● **Assigned task**
Write out exactly the lines below starting at the one containing "Saint-Saturnin Casa |" and ending at the one containing "Серый Ягуар I-Pace, объемом". Omit every picture.
::::::::::
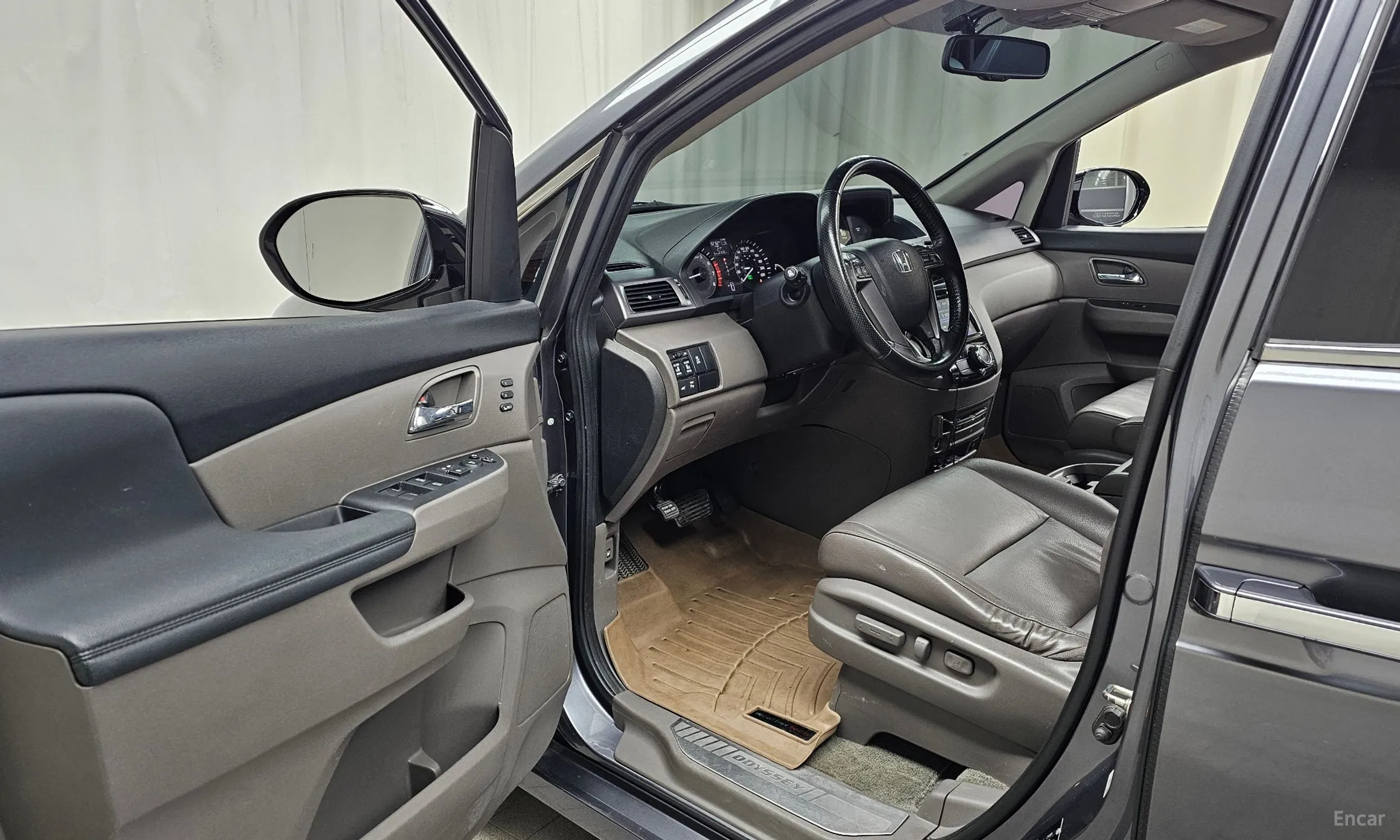 Honda Odyssey превью 10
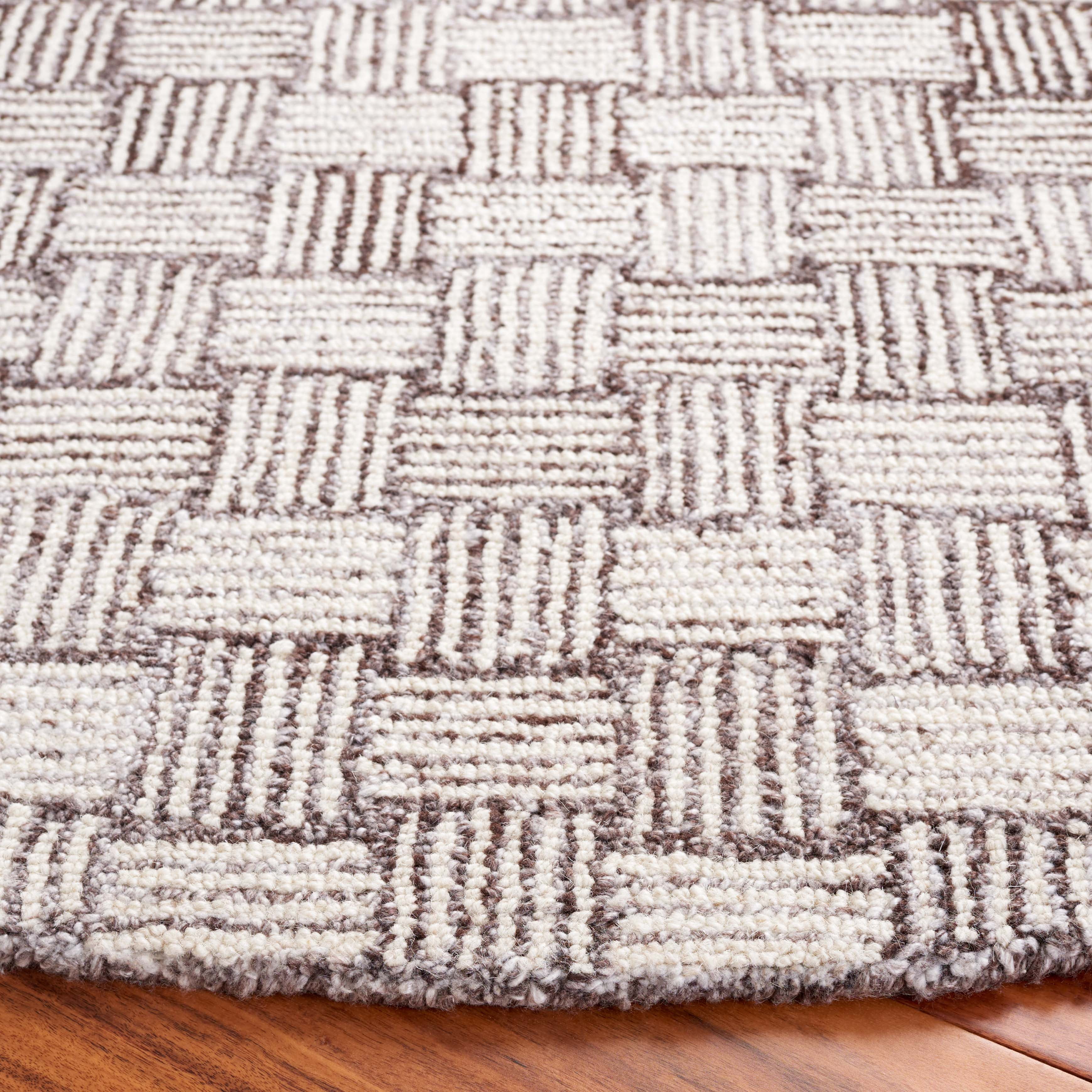 SAFAVIEH Micro-Loop Charlotte Solid Area Rug, Brown/Ivory, 5' x 5' Round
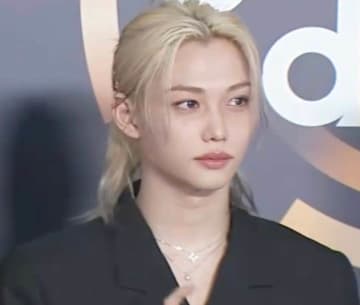 ステージで生着替え！鍛え抜かれた筋肉あらわ…Stray Kids、投げキッスから始まる貫禄パフォーマンスに視聴者興奮「レジェンドすぎる」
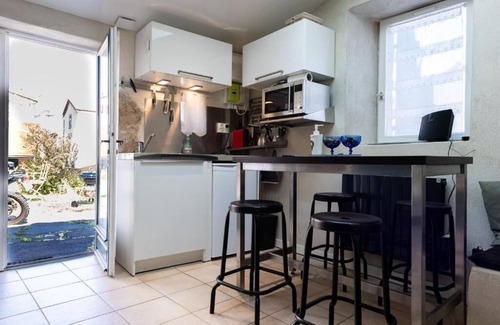Saint-Saturnin Casa | Mini Gite de 20 m2 Dans Village Auvergnat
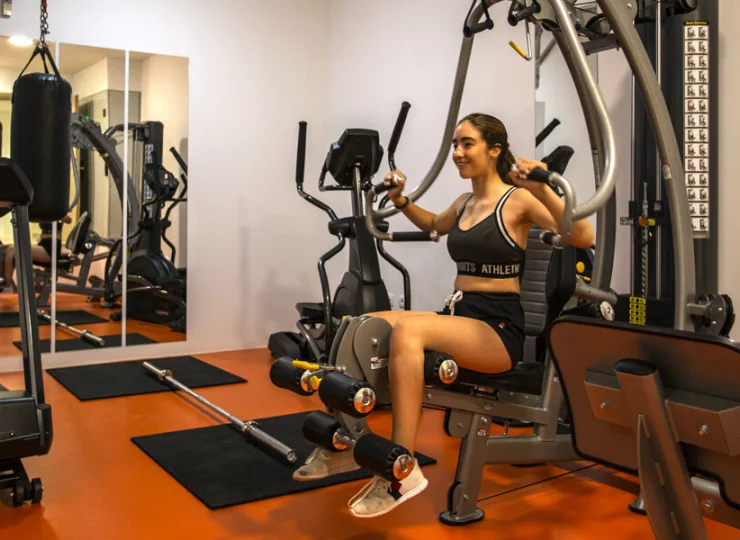 Goście mogą korzystać z sali fitness z różnorodnym sprzętem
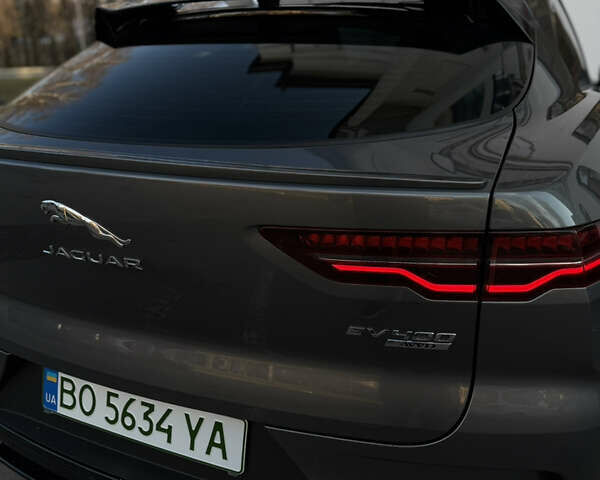 Серый Ягуар I-Pace, объемом двигателя 0 л и пробегом 59 тыс. км за 23850 $, фото 26 на Automoto.ua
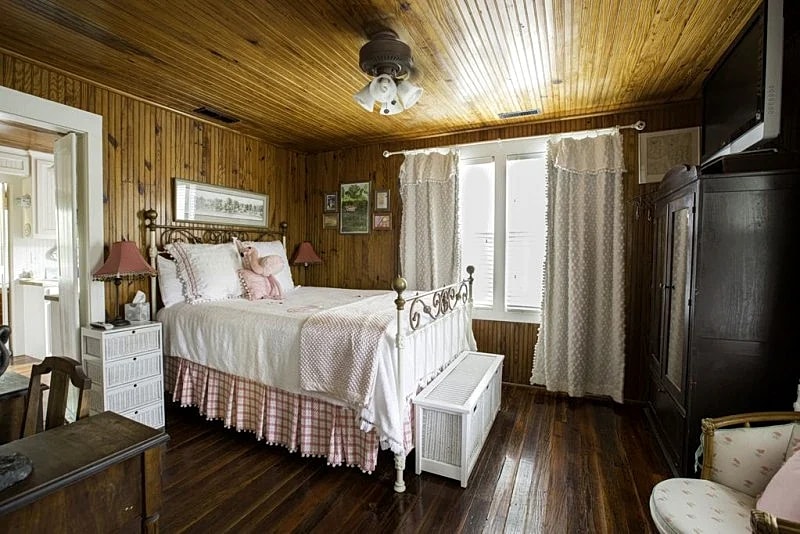 Vitamin Sea - Authentic Vintage 4 BR 2nd Row Beach Cottage in Folly Beach, South Carolina, United States — photo 2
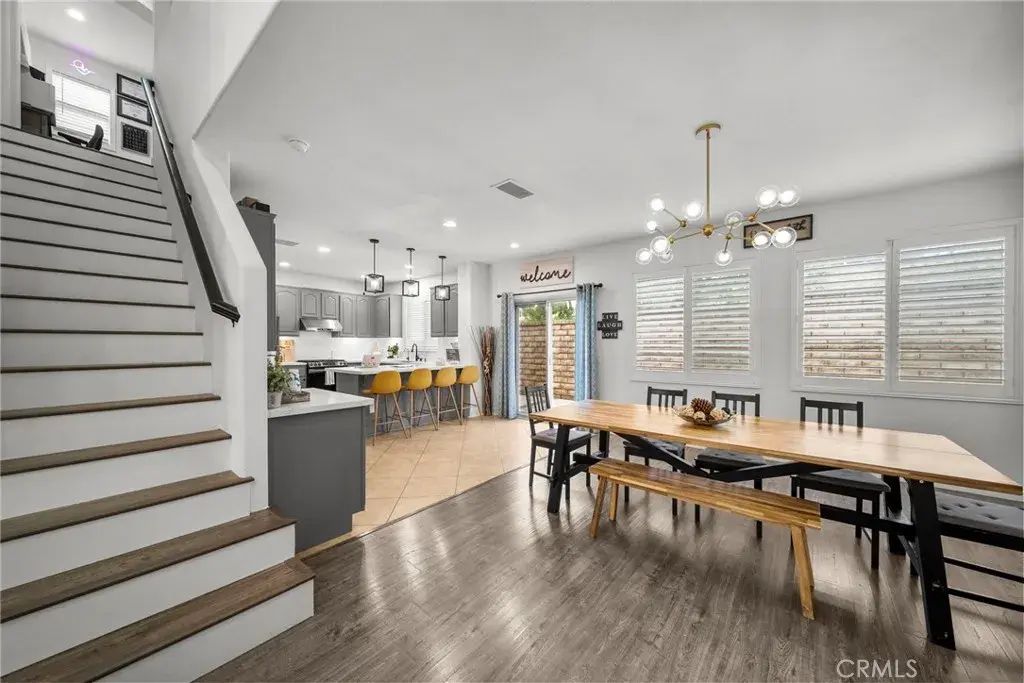 28341 Willow Court, Saugus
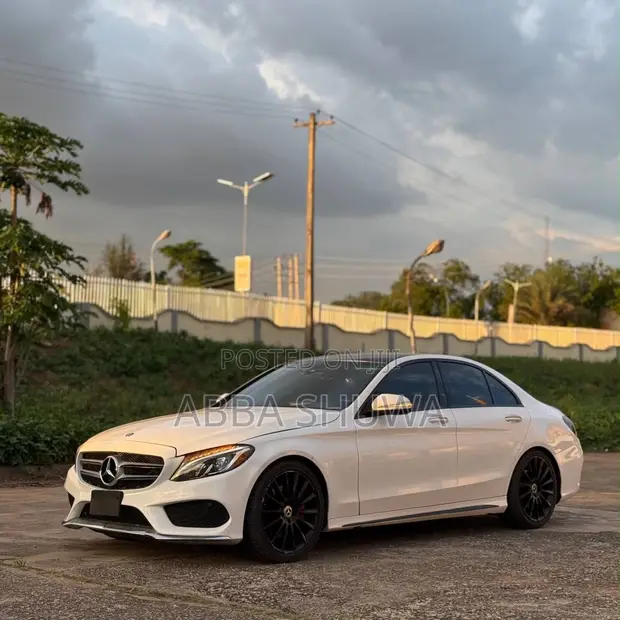 2015 Mercedes-Benz C400 4Matic AWD Sedan - White - 1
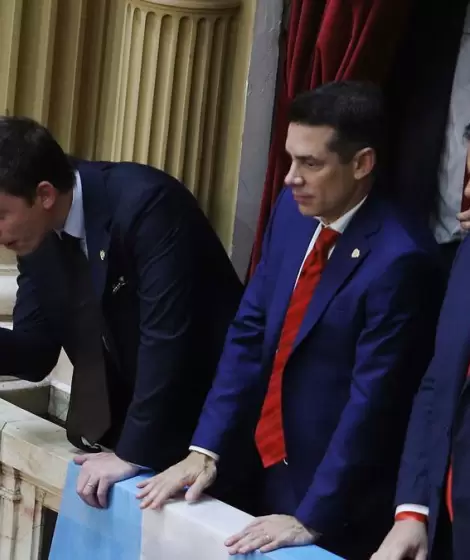 As amenazaba Santiago Caputo a Manes durante el discurso de apertura de sesiones ordinarias de Milei.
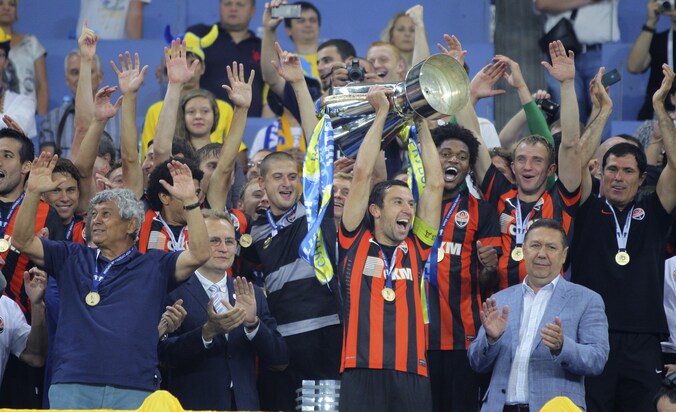 Dario Srna van Shakhtar Donetsk toont de gister gewonnen Super Cup.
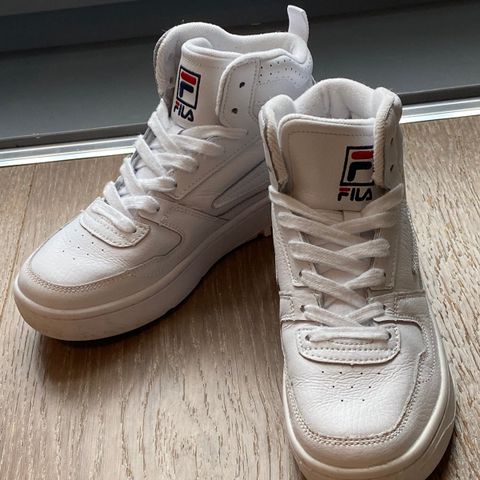 Fila 37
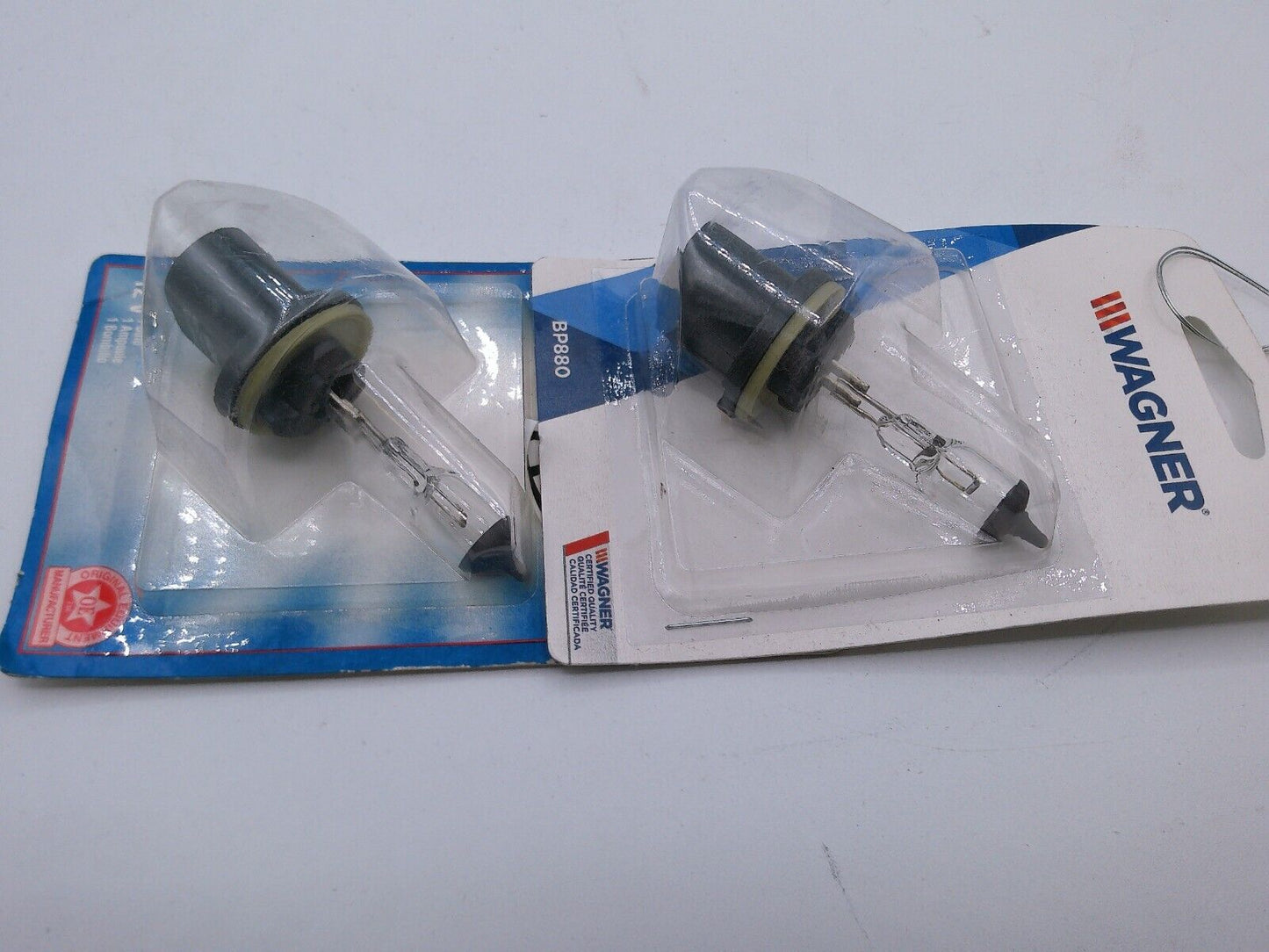 Lot of (2) Wagner BP880 Fog / Driving Halogen Bulbs 12V | VM1-01-C-1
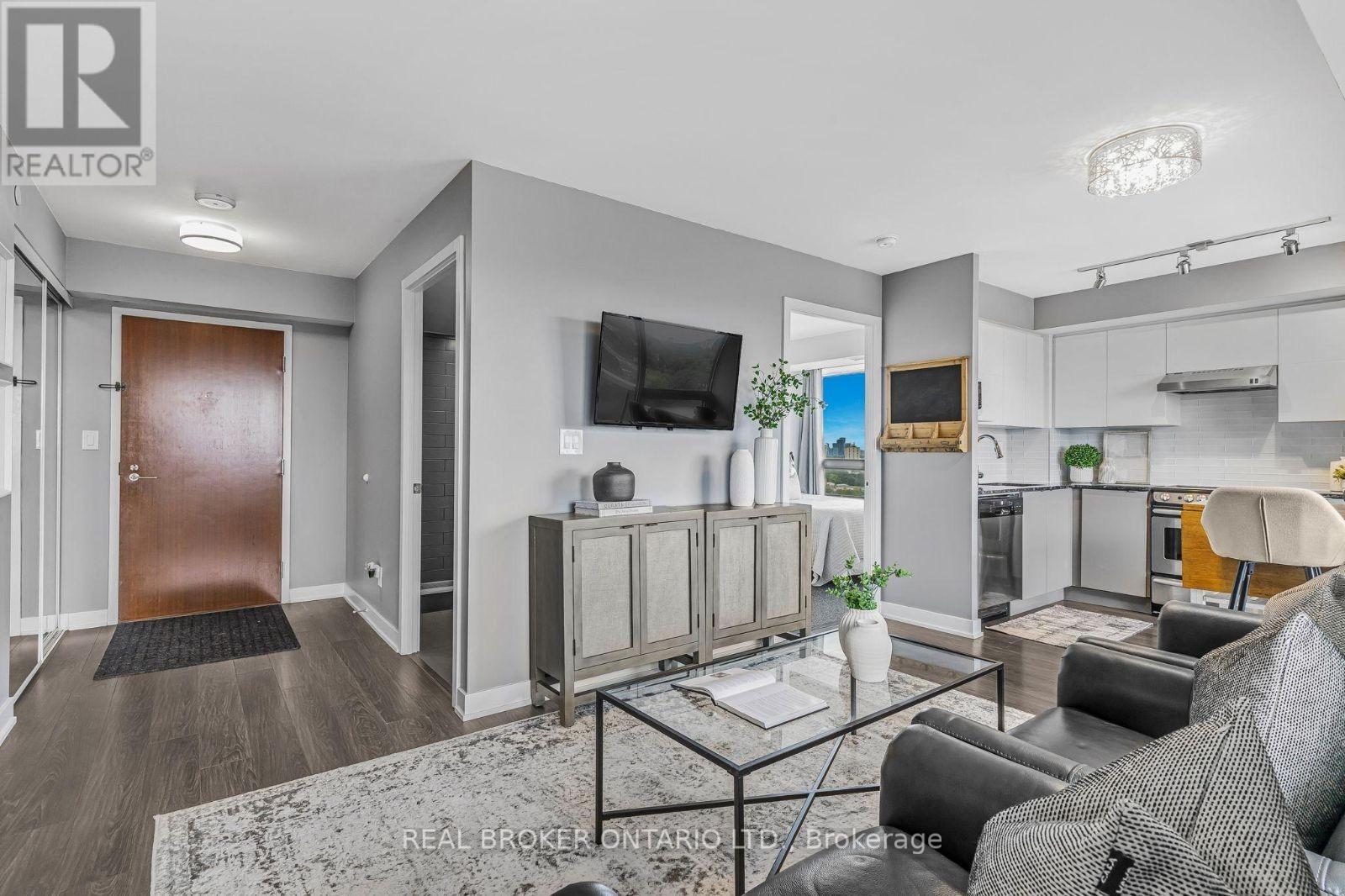 1304 - 160 Flemington Road, Toronto, Ontario  M6A 0A9 - Photo 7 - W12787056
::::::::::
● **Task output**
Saint-Saturnin Casa | Mini Gite de 20 m2 Dans Village Auvergnat
 Goście mogą korzystać z sali fitness z różnorodnym sprzętem
 Серый Ягуар I-Pace, объемом двигателя 0 л и пробегом 59 тыс. км за 23850 $, фото 26 на Automoto.ua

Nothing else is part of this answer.